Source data
------
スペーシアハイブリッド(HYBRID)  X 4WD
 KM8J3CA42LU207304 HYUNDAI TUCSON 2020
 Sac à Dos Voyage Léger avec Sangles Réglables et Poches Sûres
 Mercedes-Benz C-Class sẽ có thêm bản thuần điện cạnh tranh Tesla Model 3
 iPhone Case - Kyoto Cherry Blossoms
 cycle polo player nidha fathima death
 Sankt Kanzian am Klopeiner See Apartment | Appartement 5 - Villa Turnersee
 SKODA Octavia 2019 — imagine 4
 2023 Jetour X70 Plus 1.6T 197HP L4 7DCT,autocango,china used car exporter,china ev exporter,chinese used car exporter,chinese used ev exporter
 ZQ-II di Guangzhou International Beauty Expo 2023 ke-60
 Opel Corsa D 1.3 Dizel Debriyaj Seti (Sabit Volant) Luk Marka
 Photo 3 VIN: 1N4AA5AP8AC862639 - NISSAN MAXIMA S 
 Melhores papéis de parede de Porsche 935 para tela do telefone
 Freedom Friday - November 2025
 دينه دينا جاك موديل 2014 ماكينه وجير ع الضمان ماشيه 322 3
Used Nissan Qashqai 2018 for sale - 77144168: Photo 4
------
▶ _What is required_: In the data above, copy every line where the string "Photo" appears.

▶ _Exercise response_:
 Photo 3 VIN: 1N4AA5AP8AC862639 - NISSAN MAXIMA S 
Used Nissan Qashqai 2018 for sale - 77144168: Photo 4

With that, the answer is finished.